Let's be reminded that we're buyers or investors in most of the examples here, so we can actually require all the transparency that we want. If we're not happy, we don't need to buy or invest in China. As buyers, we can set the traceability protocols and we can have any compliance requirements we need.
Having said that, I would also like to emphasize the importance of building enforceable, clear and detailed contracts with your business partners in China, or really anywhere around the world. All of these are common practices, so I like to tell my business friends, when they come to China, to please not leave your brain on the plane. Do things the way you think they should be done, no matter where you are.
Finally, regarding supply chain management, technology can help. There are blockchain tools now, which are more and more common, to help with traceability. Of course, remote auditing and online quality control tools have evolved considerably in the last few years, and access to live camera feeds in working areas is sometimes possible.
I would like to say a few words on corporate compliance and responsibility from our perspective.
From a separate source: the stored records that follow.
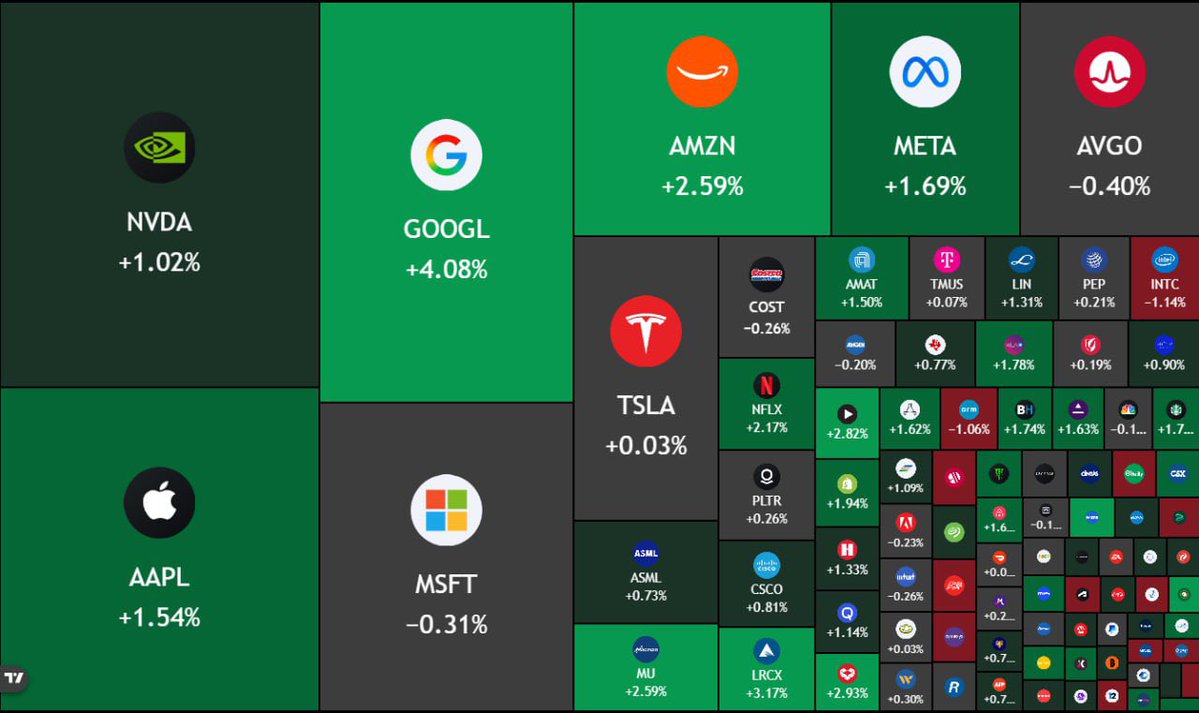 bitcoinlfgo's tweet image. 💥BREAKING 

US 🇺🇸 STOCK MARKET &amp;amp; GOLD/SILVER MARKET GEARS UP FOR HUGE MONDAY 

HUGE VOLATILITY BECAUSE OF IRAN US WAR 🇮🇷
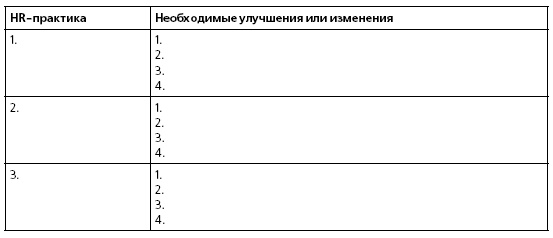 HR в борьбе за конкурентное преимущество HR в борьбе за конкурентное преимущество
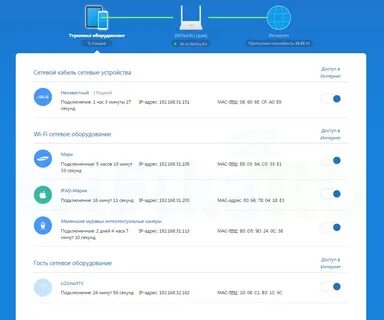 192.168 31.1 настройка роутера xiaomi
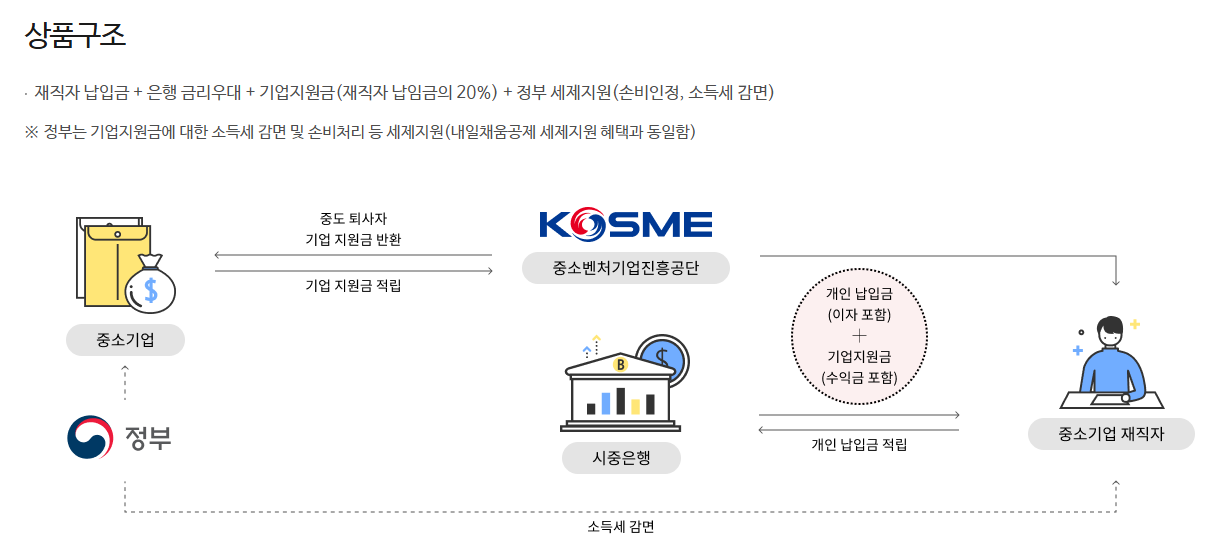 2025년 중소기업 재직자 우대 저축공제 조건 및 신청 가이드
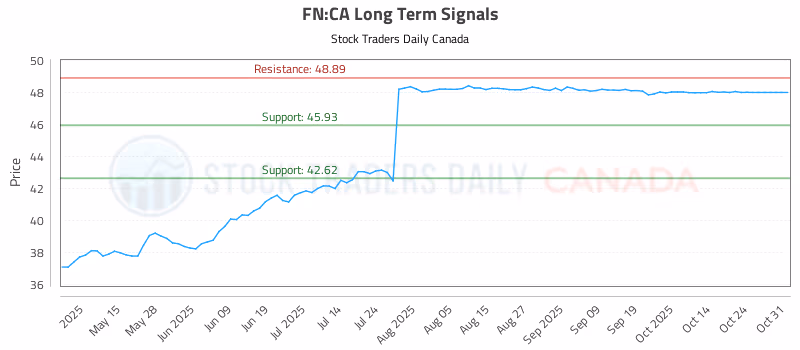 Stock Chart for FN:CA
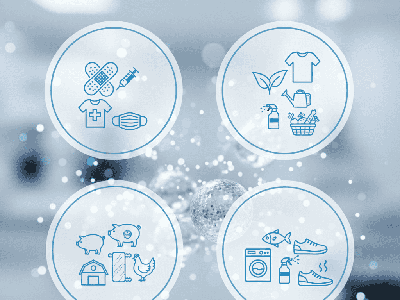 Nano bạc kháng khuẩn: Cơ chế hoạt động và ứng dụng trong thực tiễn 0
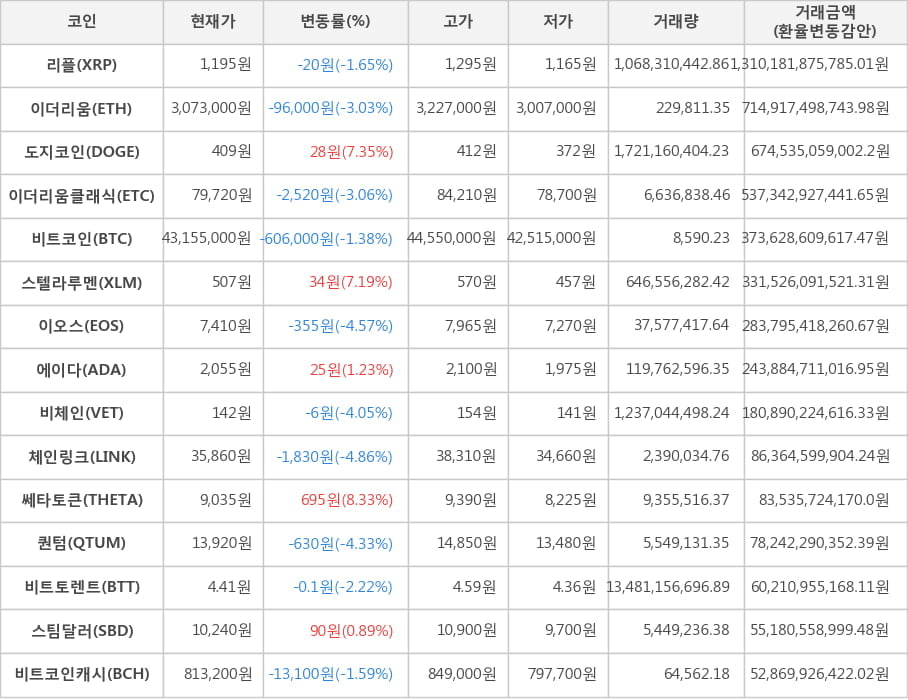 비트코인, 리플, 이더리움, 도지코인, 이더리움클래식, 스텔라루멘, 이오스, 에이다, 비체인, 체인링크, 쎄타토큰, 퀀텀, 비트토렌트, 스팀달러, 비트코인캐시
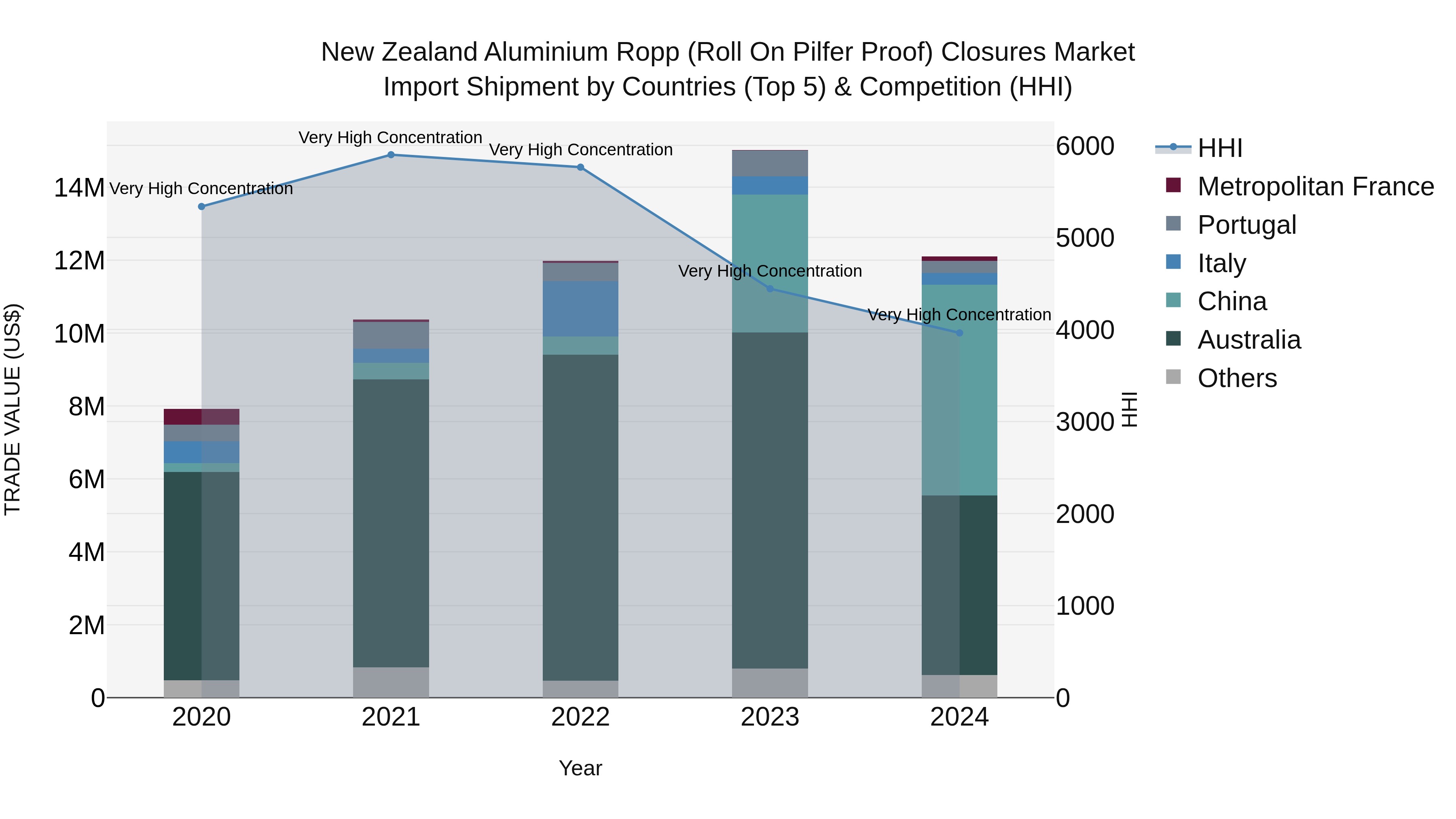 New Zealand Aluminium Ropp (Roll on Pilfer Proof) Closures Market Top 5 Importing Countries and Market Competition (HHI) Analysis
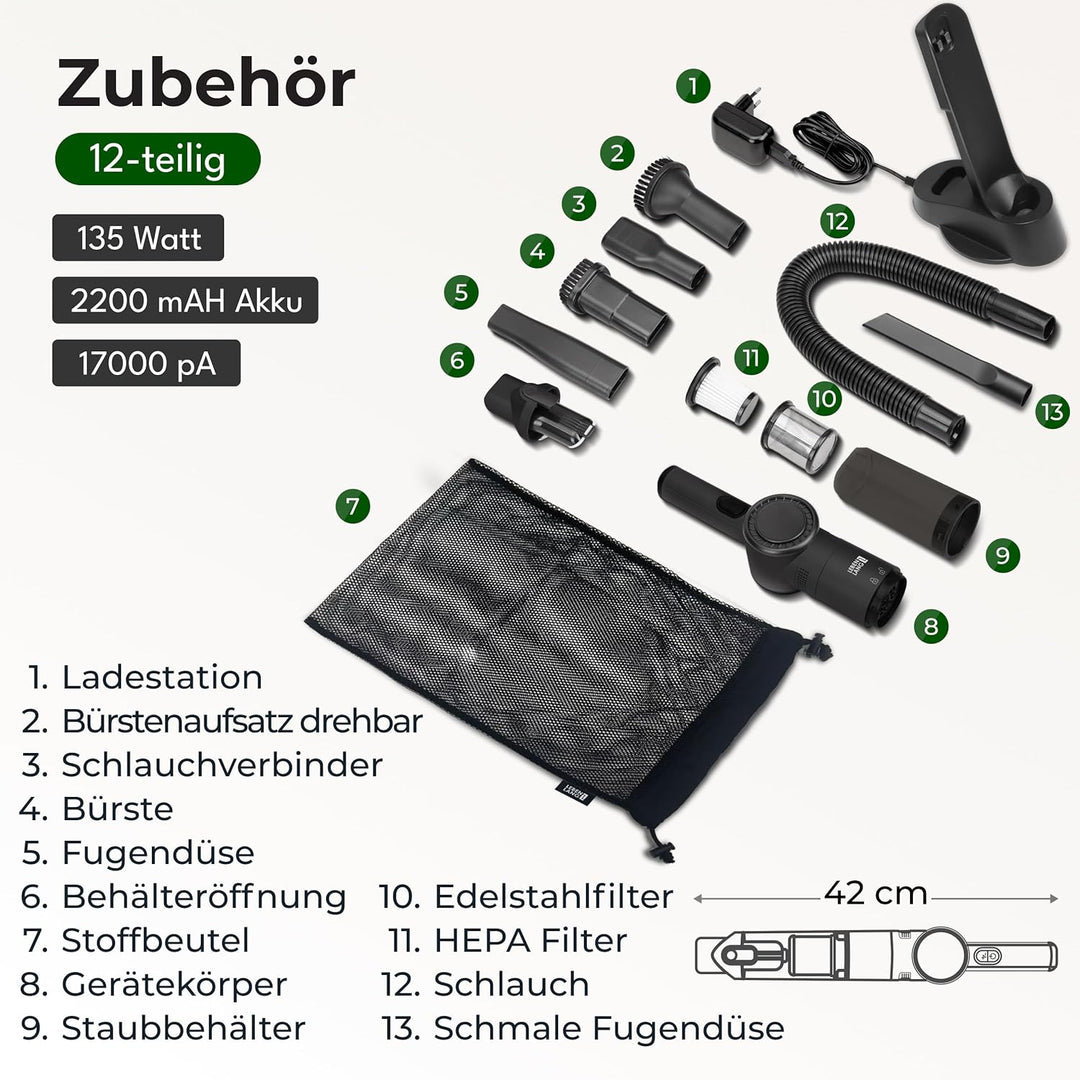 LEBENLANG Handstaubsauger Akku TESTSIEGER - Dual-Filter & Li-Ion I Inkl. Ladestation I 17000PA Hands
In China, there's the notion of a company legal representative, which generally means a company director. The company legal representative, as the name implies, has significant personal legal responsibilities with regard to the operations of companies and compliance, so this is an important role to understand and manage properly.
The so-called registered capital gaps set the investor's financial responsibilities in case of default with employees or suppliers, so you need to understand that. Essentially, it's the difference between the amount set as a registered capital requirement and the actual capital invested in the company. That sets the remaining potential responsibility of investors in China, which can be significant.
A person cannot declare personal bankruptcy in China, so that creates that extra level of responsibility. Whatever personal debts or responsibilities, arise from some of the issues above, a person cannot actually escape from them in China.
I would like to say a few words about cascading or firewalling.
It's very common for Canadian companies investing in China to actually do that through another company in between, in a place, for example, like Singapore. That shields the Canadian company from most of its responsibilities for its investment in China, so it's considered good practice, because it protects investors. At the same time, it sort of disengages investors from their responsibilities in foreign countries, including China, so that can be a little bit of a dilemma.
Finally, on the topic of living in and doing business in China, I think China is a good place to do business in full compliance with international standards. It comes back to who is managing and making decisions. I feel totally safe when I am in China, both as a business owner and in my private life.
I do feel that there is considerable bias in how information about China is reported in the news and social media. I personally don’t rely very much on this often distorted information to make any decision.
I sure hope I can make a positive contribution to this committee. Thank you very much for having me and for your attention.